# Lol wierd Issue with ooths



## d17oug18 (May 27, 2009)

Is it cool for a mantid to make an ooth over an old one? im looking at her right now making a double decker ooth, she laid one last week now shes going over it again, will this trap the inner nymphs from hatching? should i try to seperate the two once it drys? i thought this was a topic that would be worth knowing about just in case! =P


----------



## PhilinYuma (May 27, 2009)

How big is your enclosure. Does she have enough room to lay them apart. Ghosts and S. limbata will lay them really close together, but not overlapping. Maybe someone else has miore experience on this, but I would leave them alone. You might do more harm than good by trying to separate them.


----------



## d17oug18 (May 27, 2009)

its a Crebroter Gemmatus(Creobroter Pictipennis) and i has plenty of places to put other ooths in different locations but it still doesnt, man ive never seen this before lol its the oddest thing, ill try to take a pic and post it.


----------



## d17oug18 (May 27, 2009)

here she is, double decking her ooths and the amount of space she has:

















Tell me what you guys figure on this, im hoping she hasnt just killed half of her nymphs from her own confusion =/


----------



## superfreak (May 27, 2009)

with only one stick in there, there really aint that much space mate! this happens regularily in situations like this. you can very carefully use a knife or simply your fingers to 'slide' the top ooth off when it is COMPLETELY dry. and for gods sakes, give her some more branches and maybe even a fake plant to hang out on!!


----------



## d17oug18 (May 27, 2009)

im trying really hard, lol im kinda hard up on supplies about now, its really hard keeping up with all these babies. so she did just get confused eh? its going to suck trying to safely seperate the two. Any other impute would be helpful, thanks yall


----------



## tier (May 27, 2009)

If you can not seperate them, you will loose the basic ooth. And she will lay the third ooth on the other two ooths if you not offer a better environment.


----------



## Rick (May 27, 2009)

Well she has really no other option. Since she will lay them on a stick just remove the stick and add another before she lays the next ooth.


----------



## PhilinYuma (May 27, 2009)

Rick said:


> Well she has really no other option.
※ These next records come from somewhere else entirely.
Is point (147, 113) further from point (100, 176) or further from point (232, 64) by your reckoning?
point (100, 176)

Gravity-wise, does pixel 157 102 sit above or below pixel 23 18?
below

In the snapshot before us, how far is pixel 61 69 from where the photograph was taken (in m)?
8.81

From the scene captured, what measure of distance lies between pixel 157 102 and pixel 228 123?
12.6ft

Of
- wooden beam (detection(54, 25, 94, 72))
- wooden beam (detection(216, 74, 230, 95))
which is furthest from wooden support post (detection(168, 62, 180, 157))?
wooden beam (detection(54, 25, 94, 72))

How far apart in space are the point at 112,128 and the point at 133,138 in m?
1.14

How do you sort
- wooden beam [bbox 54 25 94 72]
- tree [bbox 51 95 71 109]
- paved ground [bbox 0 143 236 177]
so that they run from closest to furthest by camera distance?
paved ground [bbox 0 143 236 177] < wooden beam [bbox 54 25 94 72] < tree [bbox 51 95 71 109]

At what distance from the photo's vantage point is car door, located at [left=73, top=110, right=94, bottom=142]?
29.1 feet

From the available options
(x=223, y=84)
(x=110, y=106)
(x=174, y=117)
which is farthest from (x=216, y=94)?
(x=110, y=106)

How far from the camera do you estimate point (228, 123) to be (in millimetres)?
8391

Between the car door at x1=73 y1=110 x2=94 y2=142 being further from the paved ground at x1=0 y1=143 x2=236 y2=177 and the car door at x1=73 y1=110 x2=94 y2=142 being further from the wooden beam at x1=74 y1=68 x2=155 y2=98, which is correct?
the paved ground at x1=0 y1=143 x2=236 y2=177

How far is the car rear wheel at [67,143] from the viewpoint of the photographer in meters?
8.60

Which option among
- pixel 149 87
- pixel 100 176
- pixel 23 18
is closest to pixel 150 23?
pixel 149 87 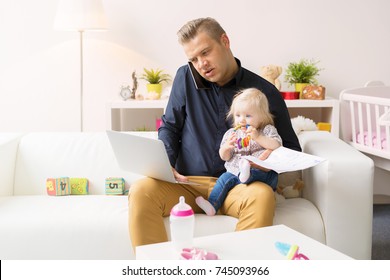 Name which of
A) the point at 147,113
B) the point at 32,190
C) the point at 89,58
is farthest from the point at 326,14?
the point at 32,190

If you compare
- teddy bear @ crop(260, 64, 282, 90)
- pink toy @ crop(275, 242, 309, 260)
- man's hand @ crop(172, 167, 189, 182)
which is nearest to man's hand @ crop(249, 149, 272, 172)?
man's hand @ crop(172, 167, 189, 182)

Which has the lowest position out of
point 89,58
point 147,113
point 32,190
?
point 32,190

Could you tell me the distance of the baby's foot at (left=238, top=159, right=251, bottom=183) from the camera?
1.95 m

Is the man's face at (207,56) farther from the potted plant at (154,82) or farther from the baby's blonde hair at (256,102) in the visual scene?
the potted plant at (154,82)

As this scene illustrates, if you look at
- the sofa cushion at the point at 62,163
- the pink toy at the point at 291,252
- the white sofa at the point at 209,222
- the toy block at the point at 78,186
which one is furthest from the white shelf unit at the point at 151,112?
the pink toy at the point at 291,252

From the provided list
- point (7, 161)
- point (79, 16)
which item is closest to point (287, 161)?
point (7, 161)

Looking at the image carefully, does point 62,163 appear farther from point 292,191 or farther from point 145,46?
point 145,46

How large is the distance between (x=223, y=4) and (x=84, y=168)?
1557 mm

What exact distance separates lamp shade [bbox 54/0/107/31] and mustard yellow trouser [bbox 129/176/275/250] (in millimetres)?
1422

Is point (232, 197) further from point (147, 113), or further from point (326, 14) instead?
point (326, 14)

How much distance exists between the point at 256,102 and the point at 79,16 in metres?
1.49

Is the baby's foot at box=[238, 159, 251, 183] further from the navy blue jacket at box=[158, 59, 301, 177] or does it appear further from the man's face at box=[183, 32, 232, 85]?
the man's face at box=[183, 32, 232, 85] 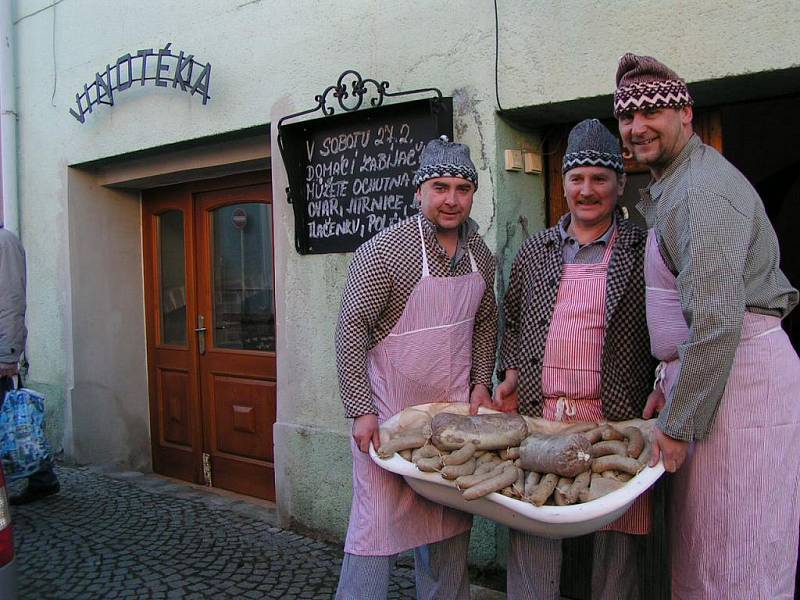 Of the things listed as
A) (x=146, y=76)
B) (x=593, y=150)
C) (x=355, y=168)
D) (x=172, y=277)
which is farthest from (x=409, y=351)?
(x=172, y=277)

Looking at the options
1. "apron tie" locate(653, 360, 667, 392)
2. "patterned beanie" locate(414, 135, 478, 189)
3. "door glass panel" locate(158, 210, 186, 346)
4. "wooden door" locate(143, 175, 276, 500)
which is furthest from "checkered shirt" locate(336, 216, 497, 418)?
"door glass panel" locate(158, 210, 186, 346)

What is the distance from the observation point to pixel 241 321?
18.5ft

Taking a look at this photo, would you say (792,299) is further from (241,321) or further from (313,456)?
(241,321)

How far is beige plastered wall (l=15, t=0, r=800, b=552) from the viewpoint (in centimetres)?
341

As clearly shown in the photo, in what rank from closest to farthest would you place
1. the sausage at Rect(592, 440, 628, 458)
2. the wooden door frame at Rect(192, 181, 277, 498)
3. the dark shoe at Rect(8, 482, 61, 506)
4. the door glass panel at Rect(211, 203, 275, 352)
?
the sausage at Rect(592, 440, 628, 458)
the dark shoe at Rect(8, 482, 61, 506)
the door glass panel at Rect(211, 203, 275, 352)
the wooden door frame at Rect(192, 181, 277, 498)

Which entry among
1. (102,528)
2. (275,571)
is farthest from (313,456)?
(102,528)

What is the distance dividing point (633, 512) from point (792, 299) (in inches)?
35.8

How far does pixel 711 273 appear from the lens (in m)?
2.15

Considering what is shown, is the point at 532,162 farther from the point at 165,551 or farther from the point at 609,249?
the point at 165,551

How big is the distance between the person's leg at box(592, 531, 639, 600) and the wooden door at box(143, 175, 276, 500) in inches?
119

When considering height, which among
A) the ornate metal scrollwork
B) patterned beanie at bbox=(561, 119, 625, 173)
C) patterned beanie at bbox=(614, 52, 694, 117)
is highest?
the ornate metal scrollwork

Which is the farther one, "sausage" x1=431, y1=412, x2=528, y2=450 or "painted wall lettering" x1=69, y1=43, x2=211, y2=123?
"painted wall lettering" x1=69, y1=43, x2=211, y2=123

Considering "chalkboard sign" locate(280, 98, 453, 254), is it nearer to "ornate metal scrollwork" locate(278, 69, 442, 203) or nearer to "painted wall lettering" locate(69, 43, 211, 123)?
"ornate metal scrollwork" locate(278, 69, 442, 203)

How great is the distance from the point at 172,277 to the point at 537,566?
438cm
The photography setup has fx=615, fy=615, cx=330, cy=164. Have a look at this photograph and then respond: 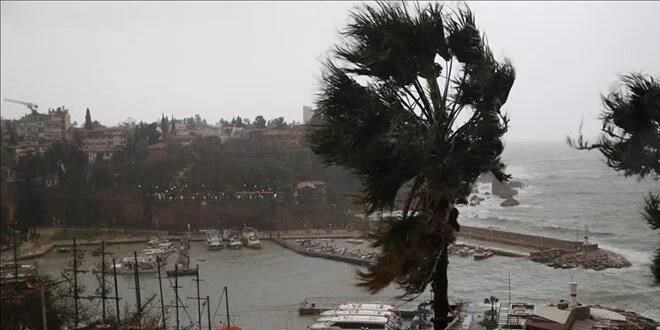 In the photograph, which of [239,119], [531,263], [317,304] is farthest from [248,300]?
[239,119]

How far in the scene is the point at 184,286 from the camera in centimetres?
1466

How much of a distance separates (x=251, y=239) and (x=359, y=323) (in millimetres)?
11501

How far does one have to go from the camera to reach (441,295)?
2.06 m

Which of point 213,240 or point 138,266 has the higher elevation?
point 213,240

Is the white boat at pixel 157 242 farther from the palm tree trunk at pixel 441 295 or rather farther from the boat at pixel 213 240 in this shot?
the palm tree trunk at pixel 441 295

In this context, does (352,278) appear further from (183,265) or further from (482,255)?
(183,265)

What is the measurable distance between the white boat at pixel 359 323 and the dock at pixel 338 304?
66cm

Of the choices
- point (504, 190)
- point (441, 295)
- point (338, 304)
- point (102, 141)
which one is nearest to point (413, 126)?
point (441, 295)

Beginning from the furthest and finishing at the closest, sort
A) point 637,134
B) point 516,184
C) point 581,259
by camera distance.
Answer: point 516,184
point 581,259
point 637,134

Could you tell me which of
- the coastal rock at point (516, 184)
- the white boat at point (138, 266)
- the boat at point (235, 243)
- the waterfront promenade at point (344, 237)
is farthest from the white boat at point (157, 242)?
the coastal rock at point (516, 184)

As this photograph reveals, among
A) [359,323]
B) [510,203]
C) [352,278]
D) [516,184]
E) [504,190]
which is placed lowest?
[359,323]

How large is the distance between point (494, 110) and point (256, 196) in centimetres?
2424

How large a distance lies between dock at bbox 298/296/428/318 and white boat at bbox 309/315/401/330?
656 millimetres

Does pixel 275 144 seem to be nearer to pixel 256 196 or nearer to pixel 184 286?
pixel 256 196
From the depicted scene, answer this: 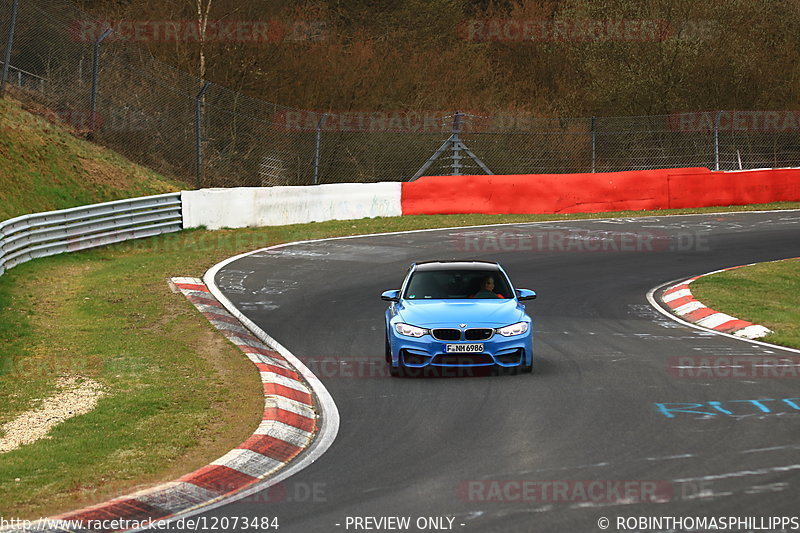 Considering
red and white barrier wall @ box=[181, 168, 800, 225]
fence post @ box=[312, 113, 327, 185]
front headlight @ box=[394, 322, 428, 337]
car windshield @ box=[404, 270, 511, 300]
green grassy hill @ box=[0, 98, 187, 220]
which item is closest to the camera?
front headlight @ box=[394, 322, 428, 337]

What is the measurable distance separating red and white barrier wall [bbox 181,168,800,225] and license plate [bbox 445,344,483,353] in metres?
15.0

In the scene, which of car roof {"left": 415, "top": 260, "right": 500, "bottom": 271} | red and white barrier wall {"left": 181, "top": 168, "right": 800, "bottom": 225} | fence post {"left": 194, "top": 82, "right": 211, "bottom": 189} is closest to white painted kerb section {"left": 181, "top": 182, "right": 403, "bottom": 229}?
red and white barrier wall {"left": 181, "top": 168, "right": 800, "bottom": 225}

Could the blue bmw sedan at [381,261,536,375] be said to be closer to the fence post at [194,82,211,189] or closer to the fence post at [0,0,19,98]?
the fence post at [194,82,211,189]

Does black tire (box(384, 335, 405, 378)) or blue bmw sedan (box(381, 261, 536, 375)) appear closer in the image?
blue bmw sedan (box(381, 261, 536, 375))

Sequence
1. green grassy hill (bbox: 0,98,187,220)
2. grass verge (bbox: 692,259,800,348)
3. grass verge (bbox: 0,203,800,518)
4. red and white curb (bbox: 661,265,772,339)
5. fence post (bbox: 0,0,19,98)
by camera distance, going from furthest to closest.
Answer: fence post (bbox: 0,0,19,98) < green grassy hill (bbox: 0,98,187,220) < grass verge (bbox: 692,259,800,348) < red and white curb (bbox: 661,265,772,339) < grass verge (bbox: 0,203,800,518)

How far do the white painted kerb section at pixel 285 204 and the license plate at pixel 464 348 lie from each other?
14930 millimetres

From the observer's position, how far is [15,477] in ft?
28.0

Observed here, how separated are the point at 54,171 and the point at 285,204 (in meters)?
5.65

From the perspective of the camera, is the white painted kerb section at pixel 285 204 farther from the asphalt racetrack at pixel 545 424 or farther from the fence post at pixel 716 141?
the fence post at pixel 716 141

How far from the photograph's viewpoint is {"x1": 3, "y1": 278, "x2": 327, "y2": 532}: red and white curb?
755 centimetres

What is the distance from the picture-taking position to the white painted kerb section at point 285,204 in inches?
1042

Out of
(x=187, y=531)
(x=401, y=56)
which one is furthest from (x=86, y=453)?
(x=401, y=56)

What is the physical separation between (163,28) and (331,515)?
98.6 feet

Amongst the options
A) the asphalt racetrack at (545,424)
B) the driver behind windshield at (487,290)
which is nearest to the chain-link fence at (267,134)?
the asphalt racetrack at (545,424) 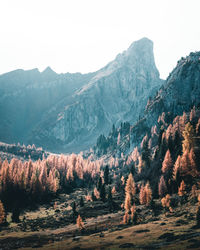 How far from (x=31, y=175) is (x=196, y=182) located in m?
96.4

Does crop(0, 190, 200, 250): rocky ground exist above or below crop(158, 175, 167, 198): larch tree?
below

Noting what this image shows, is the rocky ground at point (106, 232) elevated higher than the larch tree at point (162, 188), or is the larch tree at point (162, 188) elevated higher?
the larch tree at point (162, 188)

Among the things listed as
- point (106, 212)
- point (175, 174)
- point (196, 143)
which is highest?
point (196, 143)

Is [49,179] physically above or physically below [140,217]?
above

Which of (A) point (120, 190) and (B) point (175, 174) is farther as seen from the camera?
(A) point (120, 190)

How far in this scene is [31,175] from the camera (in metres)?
143

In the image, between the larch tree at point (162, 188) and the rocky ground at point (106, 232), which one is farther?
the larch tree at point (162, 188)

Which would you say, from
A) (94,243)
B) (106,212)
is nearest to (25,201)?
(106,212)

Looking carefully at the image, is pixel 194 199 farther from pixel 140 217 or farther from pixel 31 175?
pixel 31 175

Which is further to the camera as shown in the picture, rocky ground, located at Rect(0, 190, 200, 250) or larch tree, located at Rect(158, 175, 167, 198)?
larch tree, located at Rect(158, 175, 167, 198)

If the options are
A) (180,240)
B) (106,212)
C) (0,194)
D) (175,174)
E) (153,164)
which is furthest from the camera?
(153,164)

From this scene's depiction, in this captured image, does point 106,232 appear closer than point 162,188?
Yes

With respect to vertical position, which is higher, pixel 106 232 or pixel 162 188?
pixel 162 188

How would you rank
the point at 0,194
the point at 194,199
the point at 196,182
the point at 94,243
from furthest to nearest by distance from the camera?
the point at 0,194
the point at 196,182
the point at 194,199
the point at 94,243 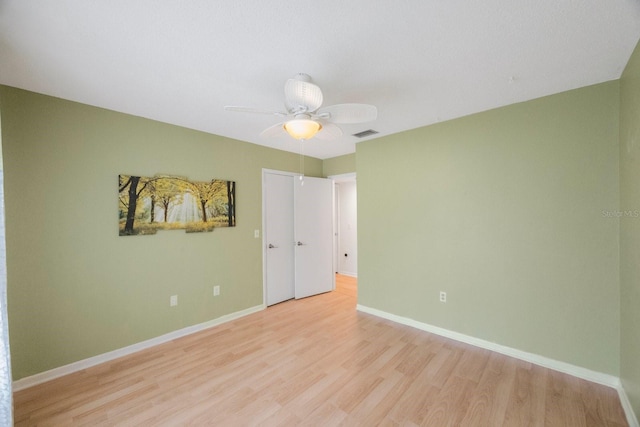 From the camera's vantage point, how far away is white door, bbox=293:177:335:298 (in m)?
3.97

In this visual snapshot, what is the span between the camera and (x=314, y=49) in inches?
60.7

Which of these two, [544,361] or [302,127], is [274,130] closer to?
[302,127]

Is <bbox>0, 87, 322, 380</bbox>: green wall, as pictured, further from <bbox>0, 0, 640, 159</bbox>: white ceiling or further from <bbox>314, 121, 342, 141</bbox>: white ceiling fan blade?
<bbox>314, 121, 342, 141</bbox>: white ceiling fan blade

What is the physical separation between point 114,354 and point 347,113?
306cm

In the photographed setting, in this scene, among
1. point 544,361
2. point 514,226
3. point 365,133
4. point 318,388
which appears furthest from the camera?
point 365,133

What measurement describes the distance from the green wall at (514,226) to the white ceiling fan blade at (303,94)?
1.84 m

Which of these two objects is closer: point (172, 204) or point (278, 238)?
point (172, 204)

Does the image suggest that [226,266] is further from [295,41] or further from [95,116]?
[295,41]

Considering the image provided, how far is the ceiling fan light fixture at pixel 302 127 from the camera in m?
1.68

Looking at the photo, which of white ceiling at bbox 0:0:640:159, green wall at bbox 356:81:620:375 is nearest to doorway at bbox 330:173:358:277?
green wall at bbox 356:81:620:375

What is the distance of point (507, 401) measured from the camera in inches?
70.4

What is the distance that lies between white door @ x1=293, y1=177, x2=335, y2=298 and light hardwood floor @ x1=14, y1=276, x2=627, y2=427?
4.54 feet

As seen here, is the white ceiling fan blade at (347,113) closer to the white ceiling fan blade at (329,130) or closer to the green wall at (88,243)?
the white ceiling fan blade at (329,130)

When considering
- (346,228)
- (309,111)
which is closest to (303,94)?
(309,111) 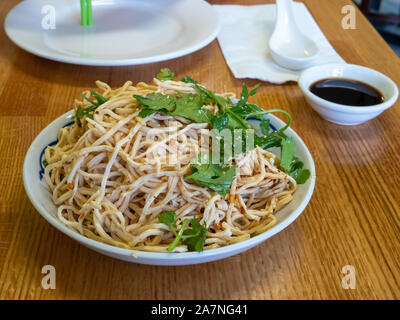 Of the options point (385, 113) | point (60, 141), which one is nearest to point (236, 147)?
point (60, 141)

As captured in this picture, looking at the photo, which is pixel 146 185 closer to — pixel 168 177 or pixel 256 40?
pixel 168 177

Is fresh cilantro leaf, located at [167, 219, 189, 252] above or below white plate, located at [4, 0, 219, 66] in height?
above

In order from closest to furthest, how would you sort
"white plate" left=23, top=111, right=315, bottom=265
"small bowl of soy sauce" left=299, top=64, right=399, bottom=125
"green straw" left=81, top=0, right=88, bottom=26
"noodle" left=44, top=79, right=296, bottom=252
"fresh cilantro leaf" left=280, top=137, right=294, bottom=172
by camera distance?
"white plate" left=23, top=111, right=315, bottom=265 < "noodle" left=44, top=79, right=296, bottom=252 < "fresh cilantro leaf" left=280, top=137, right=294, bottom=172 < "small bowl of soy sauce" left=299, top=64, right=399, bottom=125 < "green straw" left=81, top=0, right=88, bottom=26

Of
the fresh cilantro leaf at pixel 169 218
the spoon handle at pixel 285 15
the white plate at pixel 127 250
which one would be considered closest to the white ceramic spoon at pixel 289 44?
the spoon handle at pixel 285 15

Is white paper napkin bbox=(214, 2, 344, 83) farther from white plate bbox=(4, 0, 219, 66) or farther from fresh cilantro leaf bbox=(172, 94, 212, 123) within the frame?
fresh cilantro leaf bbox=(172, 94, 212, 123)

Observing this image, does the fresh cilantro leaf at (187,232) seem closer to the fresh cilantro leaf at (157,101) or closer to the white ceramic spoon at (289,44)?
the fresh cilantro leaf at (157,101)

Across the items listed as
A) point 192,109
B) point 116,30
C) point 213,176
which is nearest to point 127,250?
point 213,176

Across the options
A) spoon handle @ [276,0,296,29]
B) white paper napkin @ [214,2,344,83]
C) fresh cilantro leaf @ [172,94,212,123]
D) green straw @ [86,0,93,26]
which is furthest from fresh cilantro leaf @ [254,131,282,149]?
green straw @ [86,0,93,26] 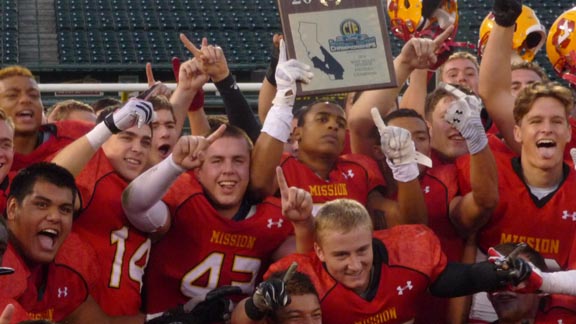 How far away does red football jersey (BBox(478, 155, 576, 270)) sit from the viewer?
3.70 m

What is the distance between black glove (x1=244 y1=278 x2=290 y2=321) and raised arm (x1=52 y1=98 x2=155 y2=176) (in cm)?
72

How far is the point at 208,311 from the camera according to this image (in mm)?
3371

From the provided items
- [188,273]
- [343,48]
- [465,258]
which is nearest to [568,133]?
[465,258]

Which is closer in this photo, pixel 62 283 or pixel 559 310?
pixel 62 283

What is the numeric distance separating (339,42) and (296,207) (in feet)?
2.56

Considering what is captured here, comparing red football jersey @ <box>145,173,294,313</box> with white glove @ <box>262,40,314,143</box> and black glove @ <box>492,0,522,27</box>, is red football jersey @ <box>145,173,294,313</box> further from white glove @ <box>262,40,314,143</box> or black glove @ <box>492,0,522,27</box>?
black glove @ <box>492,0,522,27</box>

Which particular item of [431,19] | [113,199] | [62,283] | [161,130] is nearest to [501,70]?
[431,19]

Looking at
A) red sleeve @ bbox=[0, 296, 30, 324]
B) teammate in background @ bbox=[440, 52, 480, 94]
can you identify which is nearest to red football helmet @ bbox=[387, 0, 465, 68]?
teammate in background @ bbox=[440, 52, 480, 94]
Since she will lay them on a stick just remove the stick and add another before she lays the next ooth.


There ya go!


----------



## Andredesz (May 27, 2009)

PhilinYuma said:


> There ya go!


Wait at least a few days, that ooth needs to be really dry and brittle, and then try to pop the top one off. But def take that stick out and add a fresh one. I have never seen that happen, it was cool to see a photo of it!


----------



## Rick (May 27, 2009)

Andredesz said:


> Wait at least a few days, that ooth needs to be really dry and brittle, and then try to pop the top one off. But def take that stick out and add a fresh one. I have never seen that happen, it was cool to see a photo of it!


He can try to seperate them but it may damage one or both. Either way you gotta try.


----------



## jameslongo (May 27, 2009)

d17oug18 said:


> im trying really hard, lol im kinda hard up on supplies about now, its really hard keeping up with all these babies.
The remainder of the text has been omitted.